Source: Greenpeace
Greenpeace Aotearoa is warning that Kaipara District Council’s decision to investigate waste to energy options could lock them into a disastrous deal that will be costly to ratepayers and have negative impacts on people’s health and the climate.
Kaipara District Council elected members supported a Notice of Motion at yesterday’s Council meeting. Staff will now start investigating preliminary options for a modern solution for rubbish and waste disposal in the future.
Greenpeace Aotearoa plastics campaigner Juressa Lee says waste to energy poses serious threats to public health and the environment, saying councils should be supporting waste minimisation and moving toward a circular economy.
“Deputy Mayor Larsen wants a modern solution to rubbish and waste disposal but the only real solution is to make less of it. We don’t need to go searching for techno fixes. We need to shift from throwaway and single-use culture, and start supporting systems of refill, reuse and repair.”
“We’re in a plastic pollution crisis and it is time to turn the tap off. Putting faith in false solutions risks leaving that tap on and fueling both the plastic pollution crisis and the climate crisis,” Lee says.
“Deputy Mayor Larsen says he does not want a legacy of landfills and leachates but the legacy of incineration around the globe is no less bleak. Similar plants elsewhere have been shown to be more polluting than coal, emitting dioxins, mercury, lead, nitrogen oxide and more.”
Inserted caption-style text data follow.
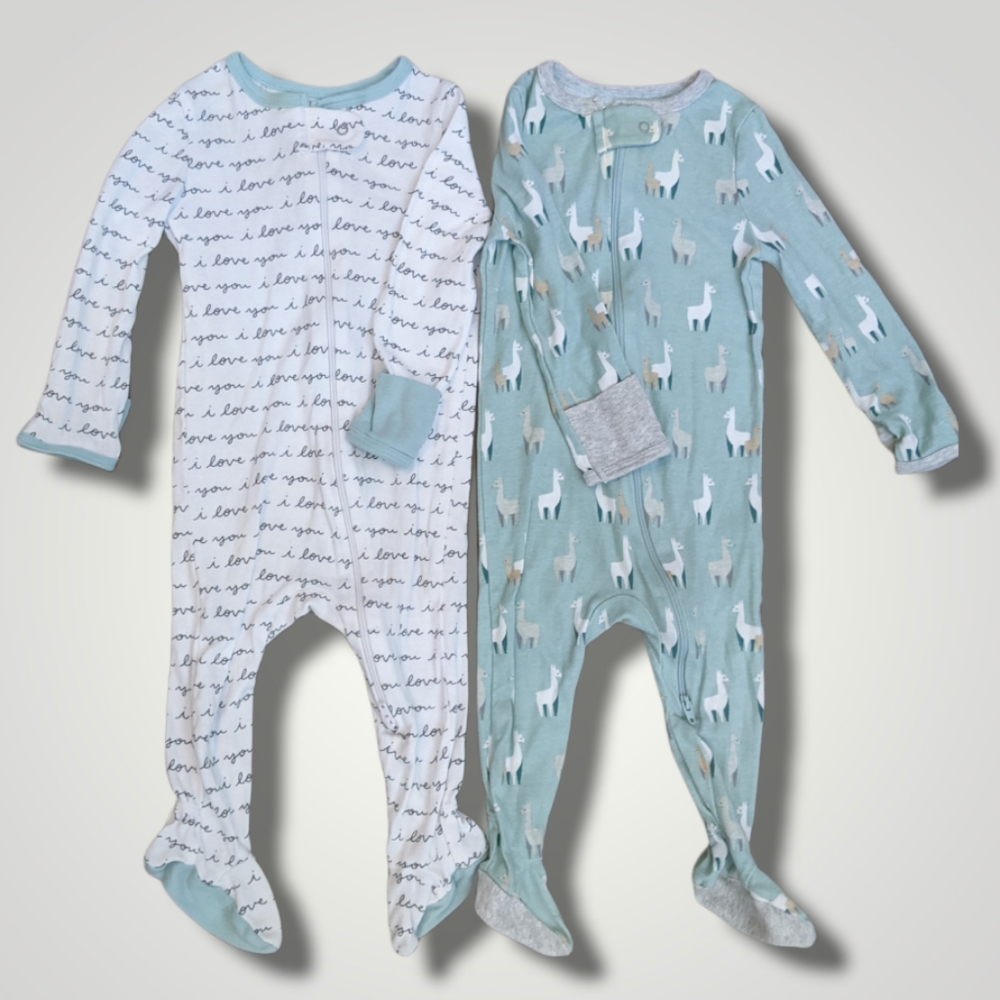 Cloud Island 2 Piece Set Llama I Love You Footie Pajamas 2 Way Zip Sz 6-9 Months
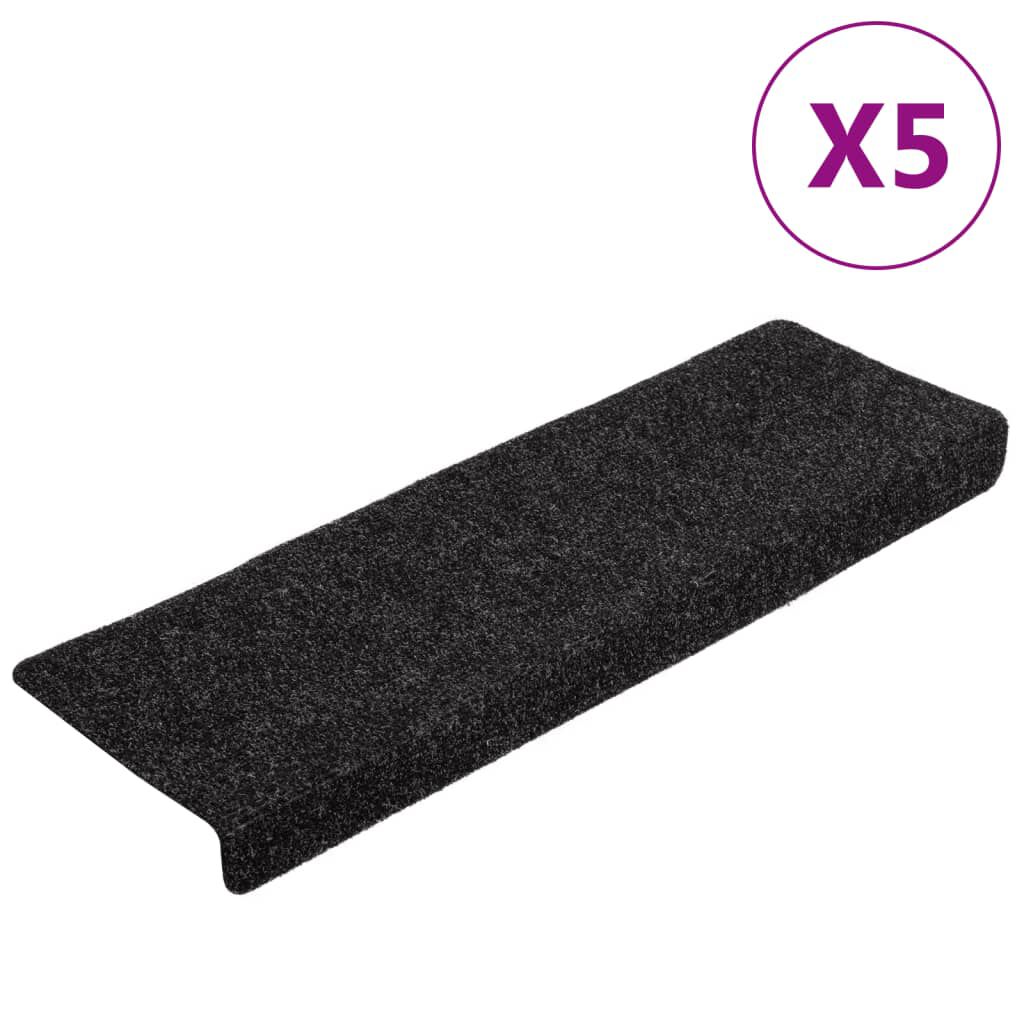 vidaXL Πατάκια Σκάλας 5 τεμ. Μαύρα 65x21x4 εκ. Βελονιασμένα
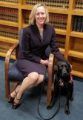 Tuolumne County District Attorney Laure Krieg and service dog Ann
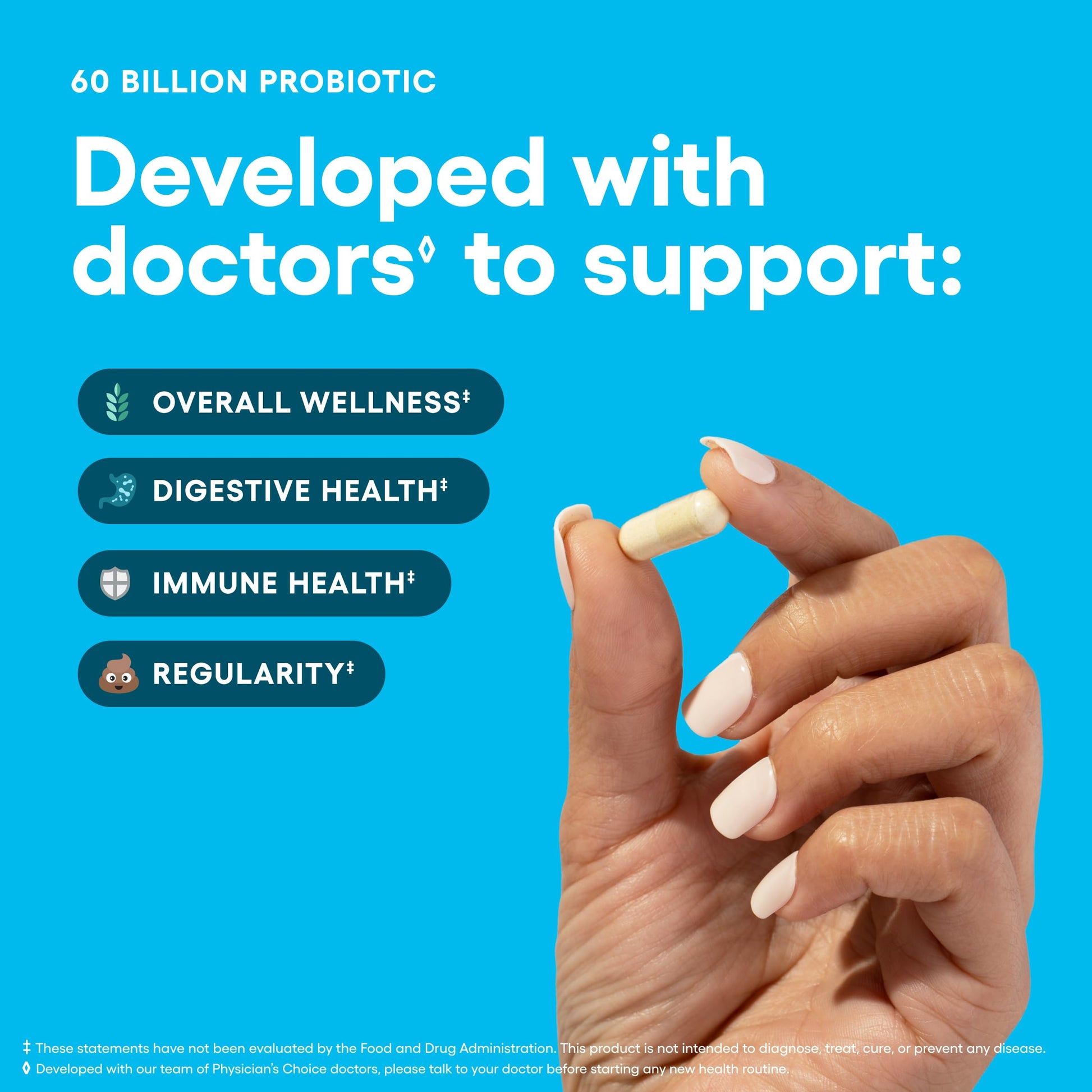 Back label detailing the ingredients and organic prebiotics of Physician's Choice gut health capsules.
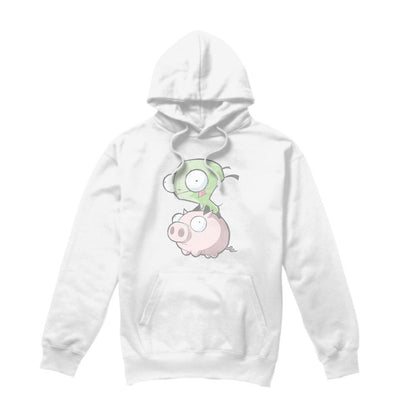 White - Front - Invader Zim Mens Gir & Pig Hoodie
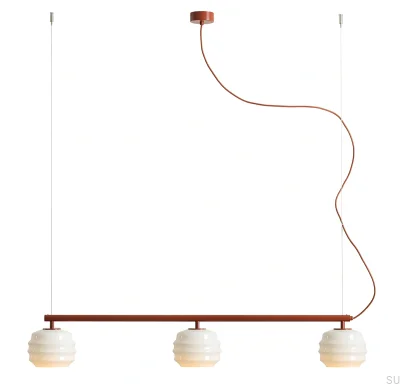 Lampa wisząca Puff 3 Metalowa Terakotowa z Mlecznymi Kloszami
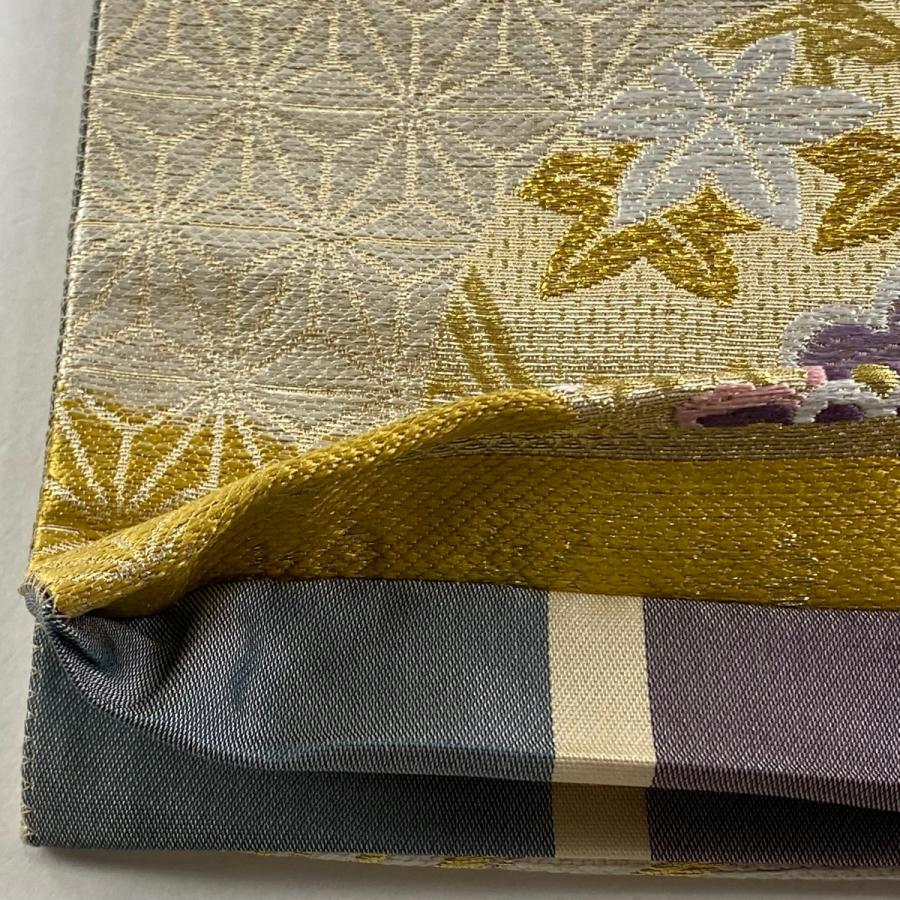 袋帯 美品 名品 振袖向き 鞠 草花 唐織 金銀糸 金色 六通 正絹 中古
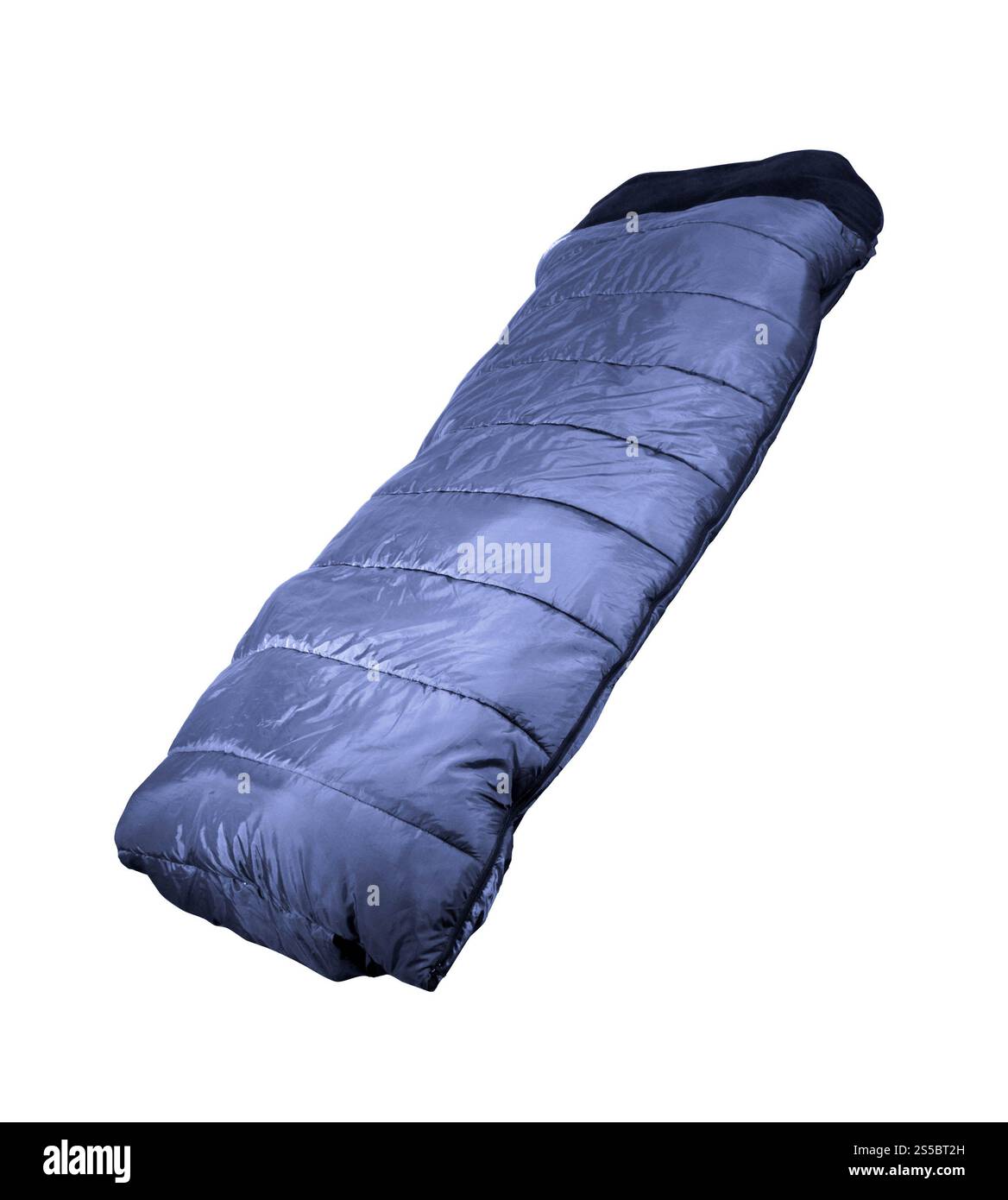 Sacco a pelo utilizzato per mantenere caldo durante i viaggi in campeggio isolato su sfondo bianco. Sacco a pelo usato per tenersi al caldo durante i viaggi in campeggio Foto Stock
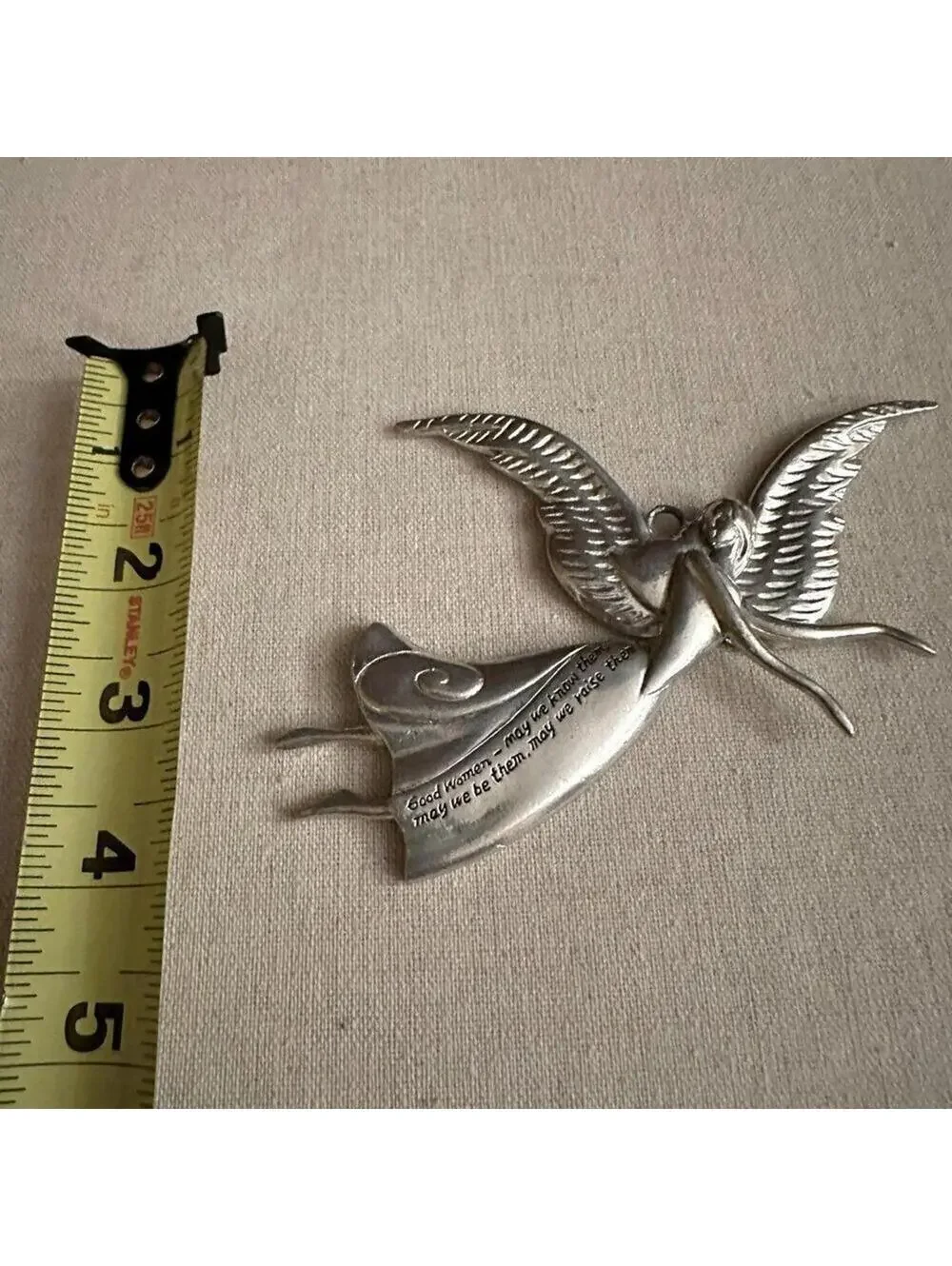 Vintage Silver Angel with engraved sentiment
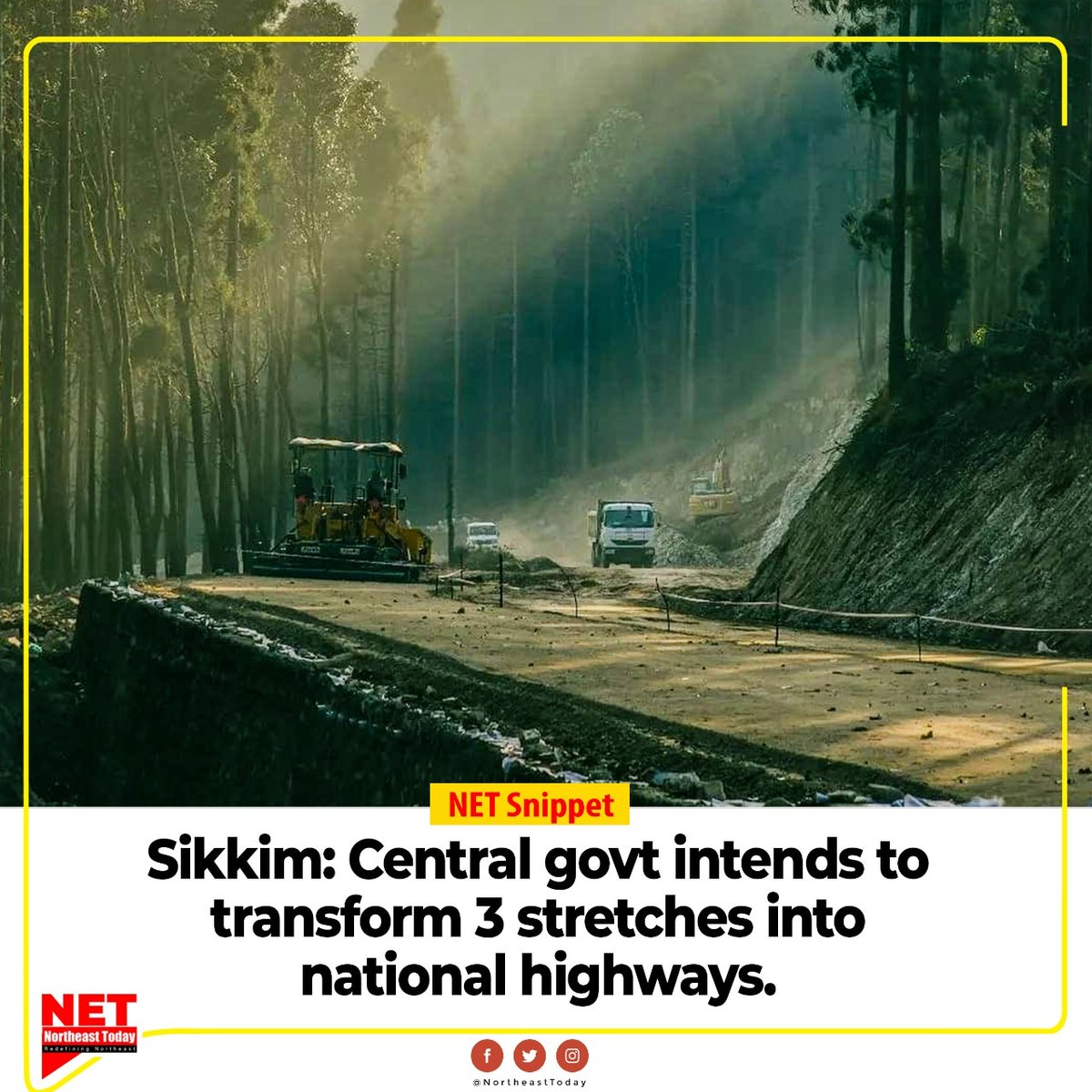 NortheastToday's tweet photo. #Sikkim | The Regional Office to Ministry of Road Transport & Highways in Guwahati has written a letter to Sikkim regarding declaration of three state Roads as National Highways (NH).
#NationalHighway #StateRoads #PublicWorksDepartment #CentralGovernment #NortheastToday https://t.co/3aqrAN5Uvf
Lee says carbon emissions would be created from burning rubbish and from the fuel required for incineration, adding on top of all the pollution issues, the entire waste to energy incineration concept undermines efforts to reduce waste in Aotearoa by incentivising waste production.
“Just a few years ago, local communities were concerned that Dome Valley would become a landfill. Local governments have been in possession of expert advice from zero waste advocates so it’s disappointing to see they are considering a false solution that many other countries are walking away from.
“We need those who are in positions of power and decision-making, to act responsibly, supporting a circular economy for the health of the people and the planet and our future generations.”